The Albemarle County Board of Supervisors on Wednesday, July 5, deferred a decision on Glen Oaks, a cluster of about 30 new homes to be built near the Glenmore neighborhood south of Route 250 in eastern Albemarle. The plan reached the board on an appeal from the Planning Commission, which in May rejected the rural development plan over groundwater issues.
“The concern was that the concentration of the cluster was in an area that is a difficult groundwater area and was very close to the Running Deer subdivision, which has experienced some groundwater problems,” Supervisors Chair Dennis Rooker says.
Sterling Proffitt, who lives in the adjacent Running Deer neighborhood and spoke at the meeting, says one in four residents in the neighborhood has had well problems.
A groundwater study conducted by hydro-geologists hired by the Glen Oaks developer, KG Associates, showed there wasn’t a problem, says KG’s Don Franco.
But Rooker says groundwater can be complicated and difficult to predict. “If you have larger lots you’re more likely to find a good well site. As a practical matter it doesn’t make sense to cluster right beside an area [that has had well problems],” he says.
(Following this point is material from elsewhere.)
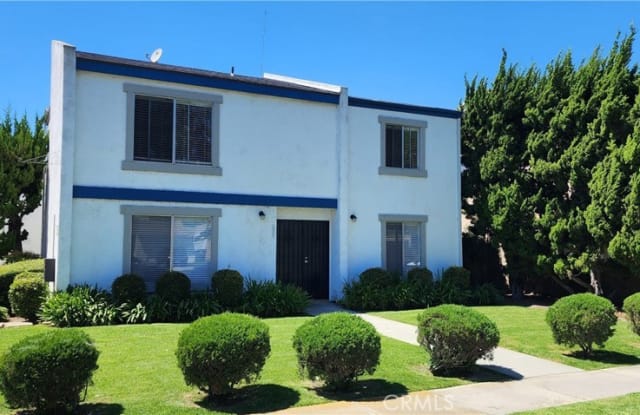 10641 Chestnut Street - 10641 Chestnut Street, Los Alamitos, CA 90720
Wells are the only water option for Glen Oaks, which would sit just outside the County’s public water service.
The board discussed options with Franco, including reducing the number of houses and building a more conventional development with larger lots. The developer will revise the plans to create five two-acre lots, with the rest being 21-acre lots (where houses are distributed farther from Running Deer).
To accommodate conventional development, KG Associates may need a special-use permit to cross a stream between the eastern and western sides of the site. This would put the matter before the Planning Commission again in four to six months, Franco estimates.
Franco also says KG will drill monitoring wells to gather information about the ongoing groundwater conditions.
Neighbors are concerned about water, Running Deer resident Proffitt says, but they would be satisfied with a compromise. “Sometimes eating one slice of bread and digesting it is better than choking on the whole loaf,” he says.